I pitched up at Woburn on Wednesday evening for the 1st edition of the AIG Women’s British Open (and the 43rd staging of what is becoming a venerable, veritable, viable championship) and wondered if an old doll like me, now more or less out of the circus-like loop that is professional golf, would still know anybody at all. And would you believe it! The first person I saw was Jo Morley, the pride of Sale, a former Solheim Cup player who is still out here caddying such is her devotion to the game. That made me feel better.
Woburn always makes me nostalgic, thinking of all the happy tournaments spent here with Dai in the days of Alex Hay; this is where most of us got our first sight of immense talents like Karrie Webb (the sublime swing caused immediate double takes) and Annika Sorenstam (with her Dad Tom on the bag); it’s where we yomped after Laura Davies in her pomp as she displayed her Tigeresque powers of recovery from the most unpromising positions: how wide was the gap? There wasn’t one…….or at least it was invisible to all but Laura. Unfortunately, there weren’t too many gaps for DLD (she’s a Dame now you know) in the first round of her 39th consecutive Open appearance yesterday.
I wandered out to have a look at Maria Fassi, one of the new talents, who is from Mexico, so is not eligible to play in the Solheim Cup despite her US college credentials. Thank goodness for that I thought, then relented and thought what a shame. Fashionable and feisty, with a habit of giving her colourful skorts/skirts a Palmer-like hitch before belting the ball miles, Fassi looks like very good news indeed.
The golf at Woburn is the sort of game I was once used to watching day in, day out, so I used to know a bit about it but it’s not a game I ever played. My current version of golf was on display (in public but not to too many people, thanks be) last Sunday, Monday and Tuesday. The courses deserved better but it was a delight to play Moortown and Alwoodley, close together, virtually in the middle of Leeds, both designed by Alister MacKenzie of Augusta National fame, for the first time, on our lady captain’s stayaway and Wrexham, for the umpteenth time, as a guest on lady captain’s day.
Moortown hosted the Ryder Cup in 1929 and Samuel Ryder presented George Duncan, the home captain, with the trophy. It’s unlikely they ever encountered anything quite like Whittington Heath’s Trolley Dollies, who brought the clubhouse down with their immaculately timed appearance and blew away any opposition in the best-turned-out team stakes.
There was another familiar face on the wall at Moortown, looking impossibly young after winning the British Women’s Amateur Strokeplay title in 1983. Four years later she won the Women’s British Open (sponsored by Weetabix) at St Mellion and ten years after that the US Women’s Open at Pumpkin Ridge in Oregon with one of the finest performances by any European golfer anywhere, ever.

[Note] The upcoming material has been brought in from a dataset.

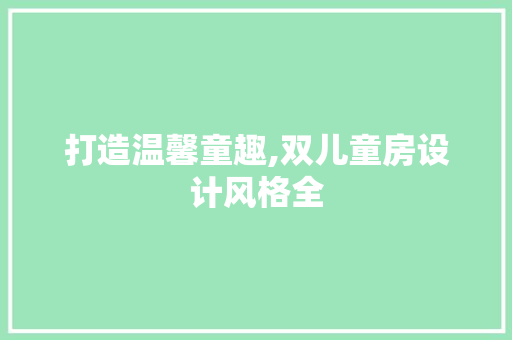 打造温馨童趣,双儿童房设计风格全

Still. It was that good.
At Alwoodley, just down the road, which reminded me a bit of Formby with its heather and bunkers and looked sublime in the sunshine (the golf, sadly, was neither sublime nor shining), the honours board provided another chance to remember all our yesterdays and the exploits of old friends and acquaintances.
Honours boards, distinguished or otherwise, are at the heart of a club, documenting its history and should be cherished and celebrated. If I get a chance to get into the clubhouse, I love looking at them, wherever I go.
At Wrexham on Tuesday, we were lucky because the weather held off bar a bit of a plump as we were playing the 9th. That meant I had time to indulge in a double Pimms (small measures…) to convince myself that it was summer and that my partner and I could claw back the 3-hole deficit against Delamere Forest, represented by Mo and Ruth. Since Lesley and I were representing the Rest of the World, we really couldn’t go down to a club pair, however distinguished and, in the end, the match was an honourable half – or tie, as modern parlance would have it.We all hit quite a few good shots but the jaw-dropping effort of the day was Ruth’s putt on the 3rd, which was so long it was almost extra-terrestrial. “Oh, no!” I said unsportingly (but honestly) as it approached the hole dead on line at a perfect speed. And, oh yes, in it went. Dead solid perfect. Brilliant.